34. En deuxième lieu, le gouvernement néerlandais estime que la deuxième question préjudicielle est irrecevable dans la mesure où elle porte sur la légalité d’un délai strict applicable aux fins de l’appréciation de la dégradation de l’état de santé de tout ressortissant d’un pays tiers en cas d’exécution de son éloignement, alors même que ce délai ne constituerait pas un élément déterminant pour la solution du litige au principal.

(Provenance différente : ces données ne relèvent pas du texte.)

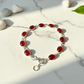 Healing Carnelian crystal bracelet for vitality and determination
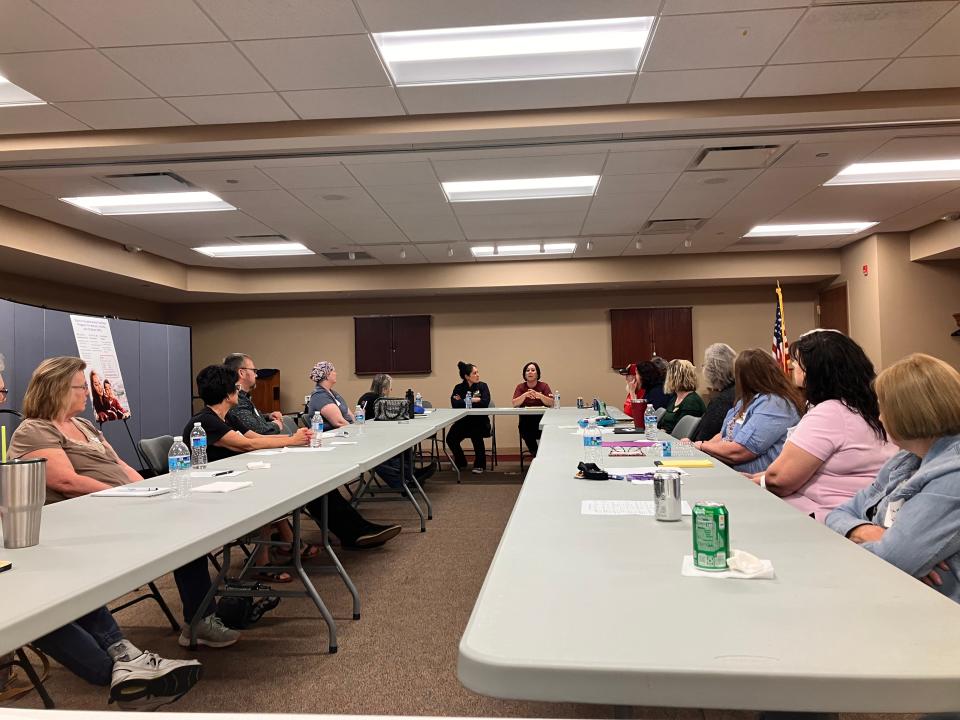 Representatives of nonprofits and other officials attended the first roundtable discussion organized by the Second Harvest Food Bank in Crawford County. Second Harvest was selected to lead distribution of funds the county received from a Dollar General lawsuit.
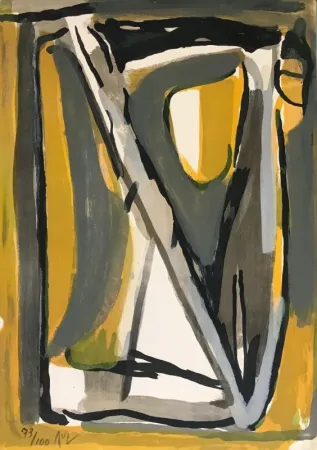 Литография Van Velde - Sans titre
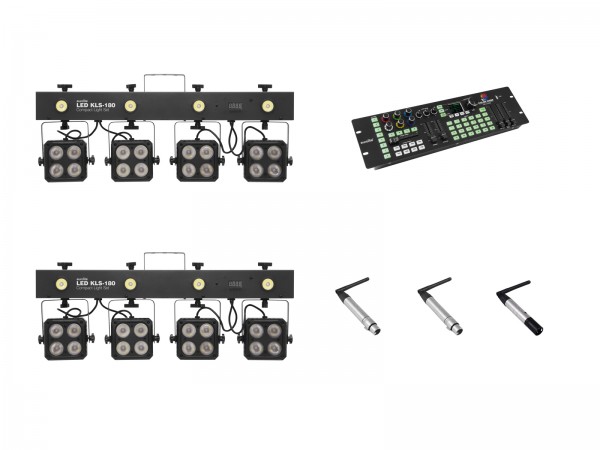 EUROLITE Set 2x KLS-180 + Color Chief + QuickDMX Sender + 2x Empfänger // EUROLITE Set 2x KLS-180 + Color Chief + QuickDMX transmitter + 2x receiver1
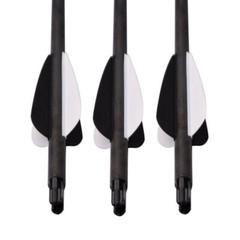 PSE Crossbow Bolts Half Moon Bolt Carbon Arrows Black 26.25″ 325 grains 3″ Vanes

35. Cet argument ne saurait être retenu. En effet, la décision de retour adoptée à l’encontre de X était notamment fondée sur l’exclusion de la possibilité qu’une situation d’urgence médicale à court terme se produise en cas de renvoi. Or, il ne fait pas de doute que, conformément à la réglementation néerlandaise applicable, l’existence d’une situation d’urgence médicale s’apprécie à l’aune du délai de trois mois prévu par la circulaire sur les étrangers. J’ajoute que la question relative à la
légalité de ce délai devient d’autant plus centrale qu’il ressort de la décision de renvoi, contrairement à ce qu’affirme le gouvernement néerlandais dans ses observations écrites, que les douleurs de X sont liées à la maladie dont il est atteint et qu’aucun traitement de substitution permettant d’apaiser ses douleurs n’existe dans son pays d’origine, la Russie.

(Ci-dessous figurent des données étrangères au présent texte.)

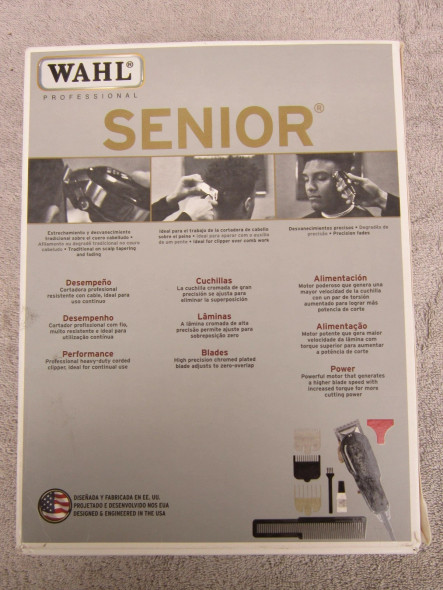 WAHL PROFESSIONAL SENIOR 5 STAR SERIES CORDED HAIR CLIPPERS - BLACK & CHROME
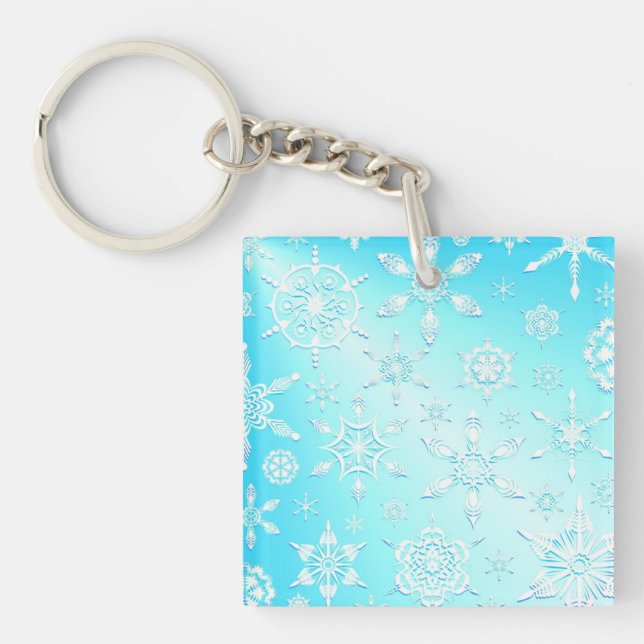 Porte-clefs Motif Crystal Snowflakes (Devant)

36. En troisième et dernier lieu, le gouvernement néerlandais considère que la Cour est incompétente pour connaître de la quatrième question préjudicielle, dans la mesure où celle-ci concernerait le point de savoir si un droit de séjour peut être tiré de l’article 8 de la CEDH. Cette question serait, par ailleurs, irrecevable, selon ce gouvernement, dans le cas où la juridiction de renvoi chercherait à savoir si l’article 7 de la Charte impose aux États membres d’accorder un droit de séjour à tout
ressortissant d’un pays tiers se trouvant dans la situation de X.

37. Je dois exprimer, une nouvelle fois, mon désaccord avec l’argumentation du gouvernement néerlandais. D’une part, il est constant que ladite question ne porte pas sur l’article 8 de la CEDH, mais bien sur l’article 7 de la Charte. D’autre part, le point de savoir si un droit de séjour doit être accordé audit ressortissant d’un pays tiers relève de l’appréciation au fond de la quatrième question préjudicielle ( 7 ).

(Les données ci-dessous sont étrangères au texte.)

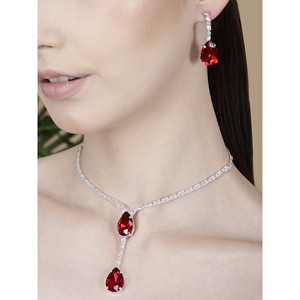 Radiant Allure Luxury Copper <b>Statement</b> <b>Necklace</b> Set Fine Pearl Bridal and Party Jewelry for Bold Looks and Gifts - Product Image 2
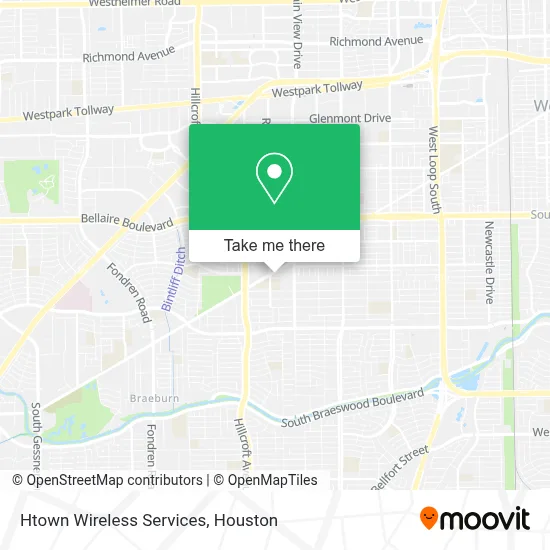 Htown Wireless Services map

38. J’estime, par conséquent, que la Cour est compétente pour connaître du présent renvoi préjudiciel et que celui-ci est recevable dans son intégralité.

B.   Sur le fond

1. Sur les première et deuxième questions

39. Par ses deux premières questions, la juridiction de renvoi demande, en substance, si la directive 2008/115, lue en combinaison avec l’article 4 et l’article 19, paragraphe 2, de la Charte, doit être interprétée en ce sens qu’elle ne s’oppose pas à ce qu’un ressortissant d’un pays tiers, gravement malade et en séjour irrégulier sur le territoire d’un État membre, fasse l’objet d’une mesure d’éloignement, dans le cas où il sera exposé, en raison de l’indisponibilité légale, dans son pays
d’origine, du seul traitement antalgique efficace, à une augmentation significative de sa douleur, sans modification des autres symptômes de la maladie, ou, à tout le moins, lorsque cette augmentation significative de sa douleur se manifestera dans un délai supérieur à trois mois après son retour dans son pays d’origine.

a) Observations liminaires

40. À titre liminaire, il convient d’observer que, selon les informations fournies par la juridiction de renvoi, X, ressortissant du pays tiers concerné, ne peut prétendre au statut de réfugié, à la protection subsidiaire ou à un titre de séjour ordinaire aux Pays-Bas. X se trouve dans une situation de « séjour irrégulier », au sens de l’article 3, point 2, de la directive 2008/115, dans la mesure où il est présent sur le territoire des Pays-Bas sans remplir les conditions d’entrée énoncées à
l’article 5 du règlement (UE) 2016/399 du Parlement européen et du Conseil, du 9 mars 2016, concernant un code de l’Union relatif au régime de franchissement des frontières par les personnes (code frontières Schengen) ( 8 ) ou d’autres conditions d’entrée, de séjour ou de résidence dans cet État. Il s’ensuit que la situation de X est soumise aux dispositions de cette directive.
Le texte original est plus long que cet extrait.